**INFORMATION PROVIDED:**
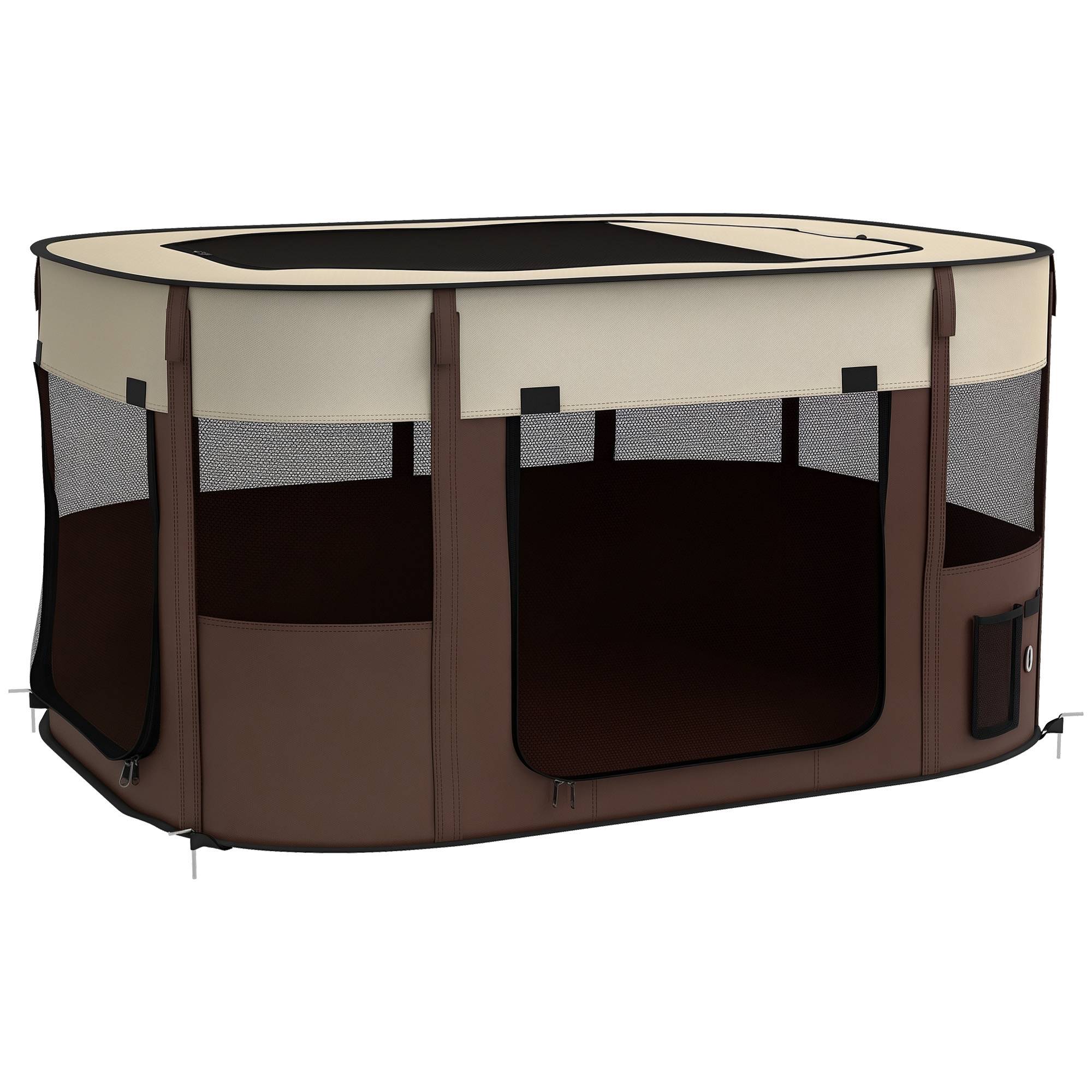 Parc pliable pour animaux de compagnie parc pour chiots en tissu Oxford avec fenêtres et portes sac de rangement marron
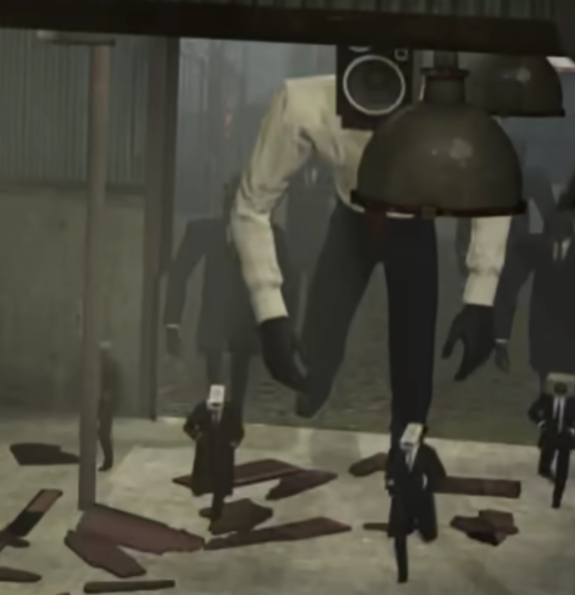 A group of people in formal wear and cameras for heads run through debris. Behind them are several more giant figures in formal wear with speakers for heads.
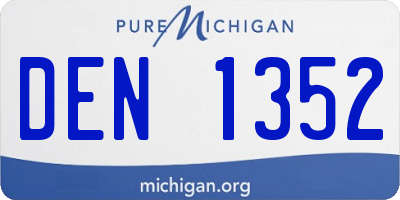 MI license plate DEN1352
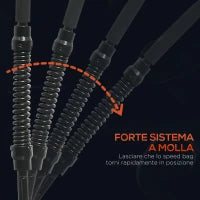 Punching Ball da Terra con Base Riempibile e Ventose, Altezza Regolabile da 145-180 cm, Nero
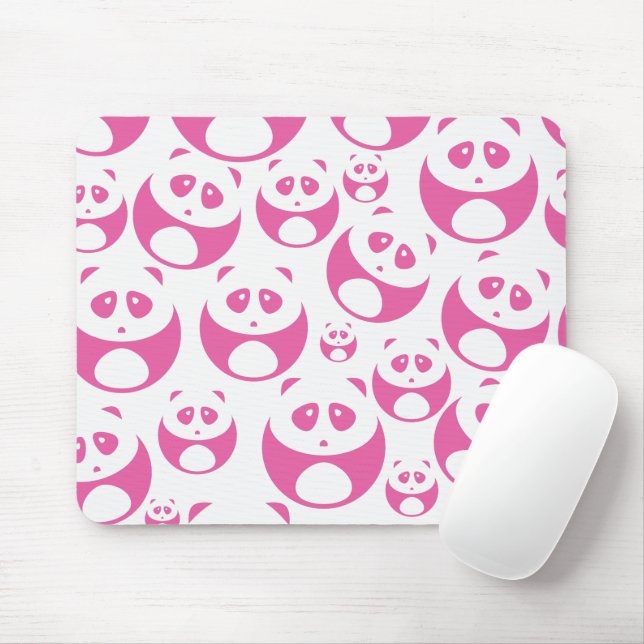 Mousepad Padrão de Panda Branca e Rosa Bebê Kawaii (Com mouse)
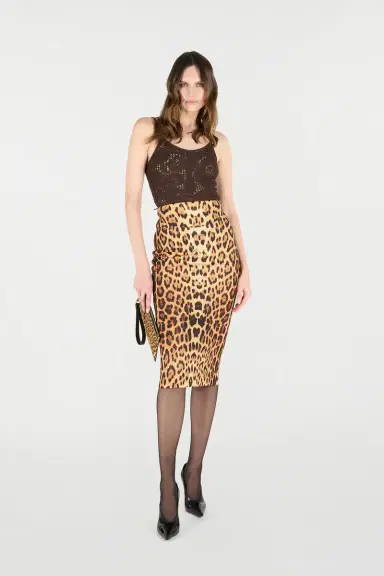 Roberto Cavalli Pencil Skirt With Jaguar Skin Print | Thumbnail 7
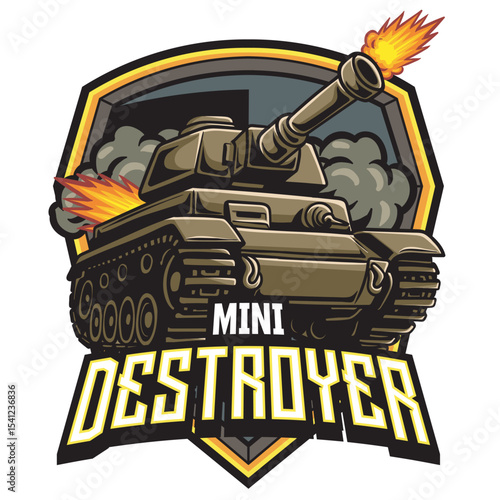 Vector Illustration of Tank with Detailed Illustration Available for Logo Badge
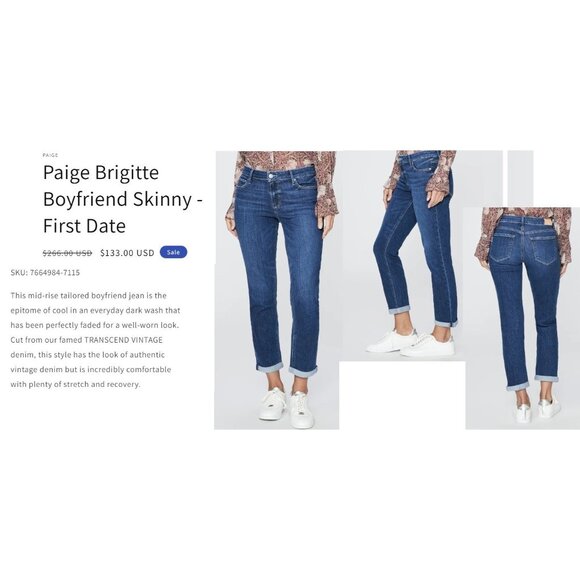 PAIGE Brigitte Boyfriend Skinny Jeans Size 34 Waist First Date Transcend Denim - Picture 10 of 12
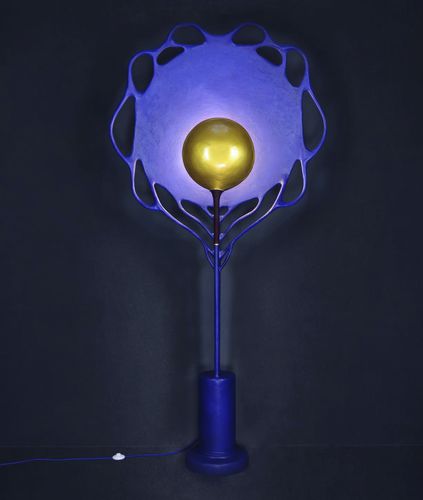 Floor-standing lamp - BLEU ROCOCO - JOËL BARTZ - clay / contemporary / corded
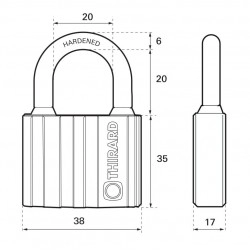 Λουκέτο BLACK-LOCK 38 χιλ. μαύρο με 5 κλειδιά THIRARD THIRARD - 1 2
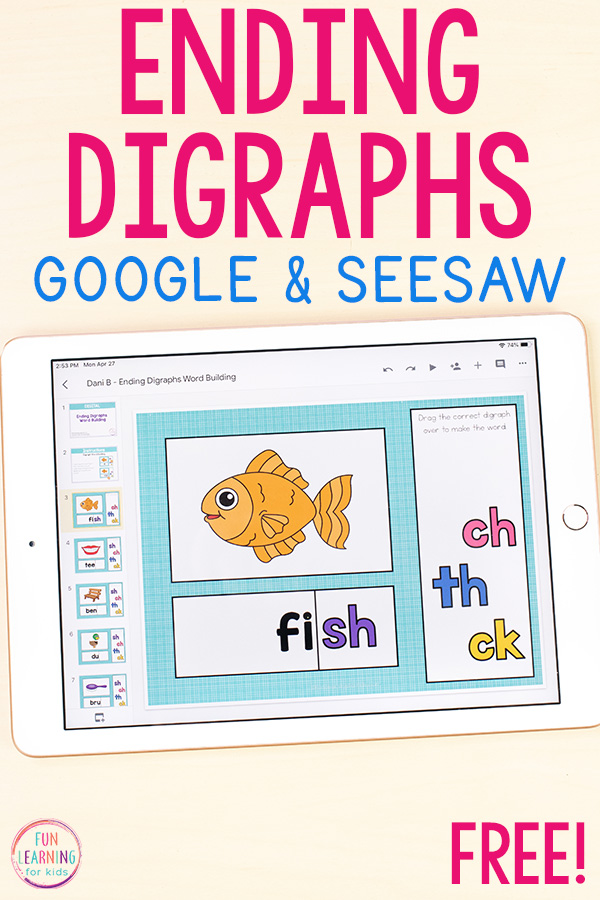 Ending digraphs word building activity for Google Slides and Seesaw.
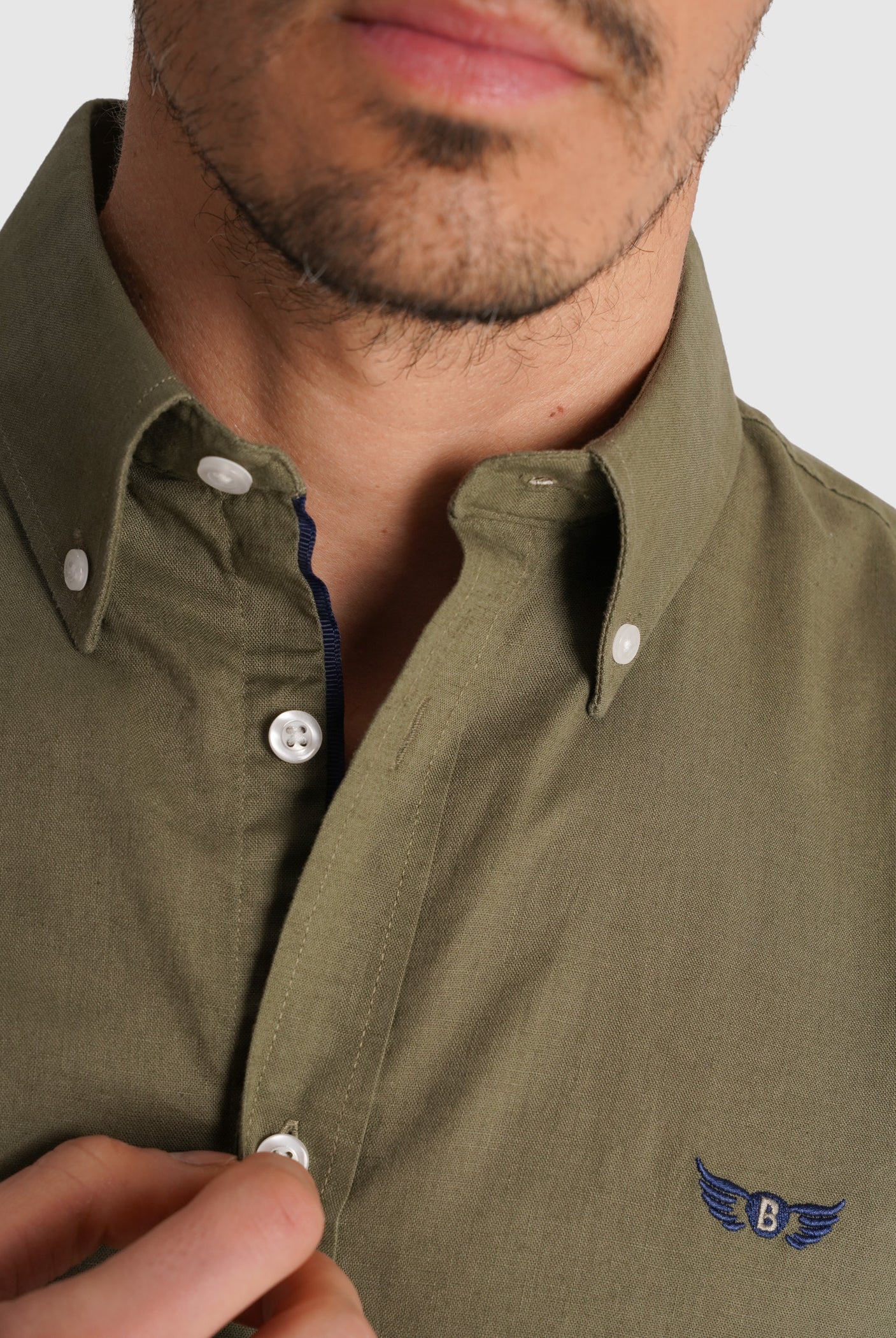 LONG SLEEVE GREEN SHIRT REGULAR FIT MR. BLUE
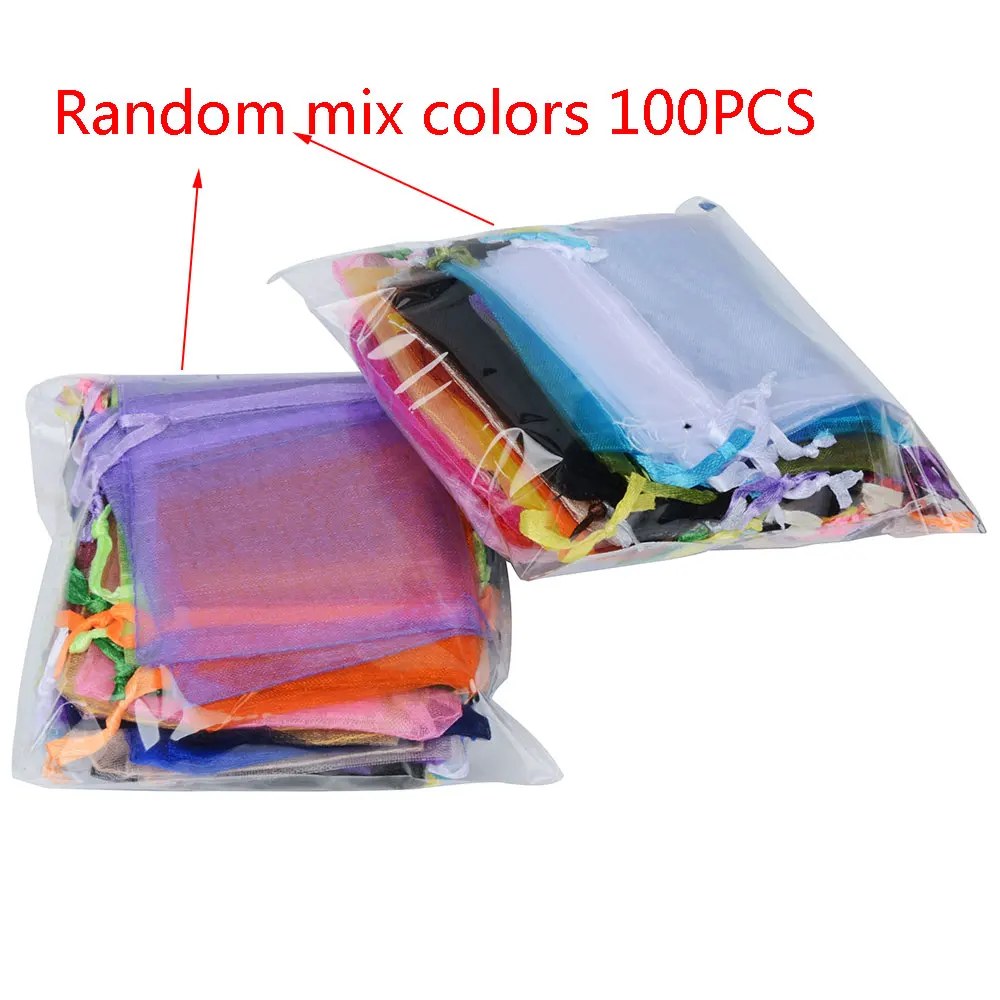 100 stücke 24 Farben Schmuck Verpackung Tasche 5*7 7*9 9*12 10*15 cm Organza Beutel geschenk Lagerung Hochzeit Kordelzug Beutel Großhandel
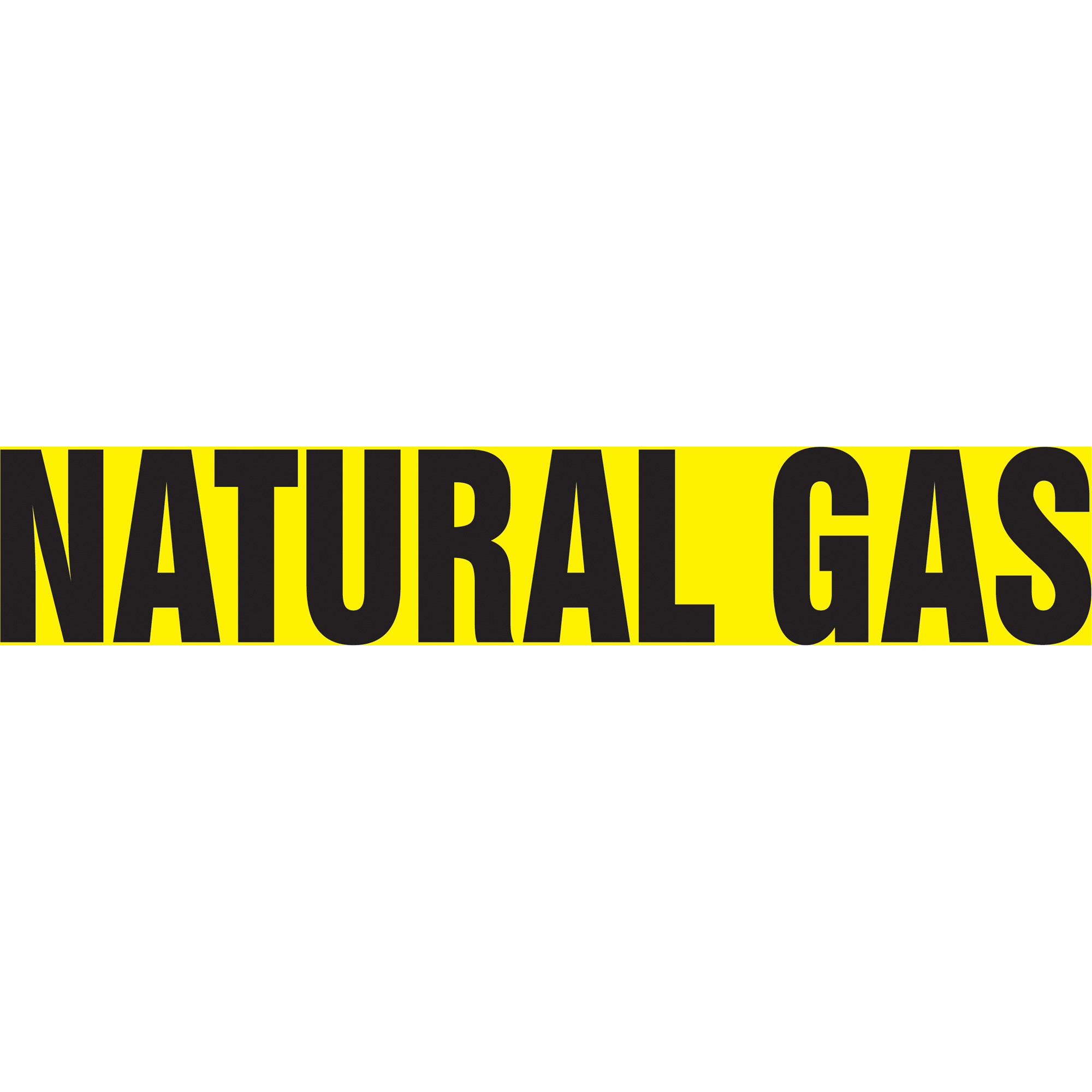Marqueur de tuyau "Natural Gas" Snap TiteMC, À pression, 14" h x 12" la, Noir sur jaune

**YOUR TASK:** Using the data above, which lines fall from the one with "Vector Illustration of" through the one with "100 stücke 24"? Repeat them exactly, ends included, minus any pictures.

**OUTPUT FOR THIS EXERCISE:**
 Vector Illustration of Tank with Detailed Illustration Available for Logo Badge
 PAIGE Brigitte Boyfriend Skinny Jeans Size 34 Waist First Date Transcend Denim - Picture 10 of 12
 Floor-standing lamp - BLEU ROCOCO - JOËL BARTZ - clay / contemporary / corded
 Λουκέτο BLACK-LOCK 38 χιλ. μαύρο με 5 κλειδιά THIRARD THIRARD - 1 2
 Ending digraphs word building activity for Google Slides and Seesaw.
 LONG SLEEVE GREEN SHIRT REGULAR FIT MR. BLUE
 100 stücke 24 Farben Schmuck Verpackung Tasche 5*7 7*9 9*12 10*15 cm Organza Beutel geschenk Lagerung Hochzeit Kordelzug Beutel Großhandel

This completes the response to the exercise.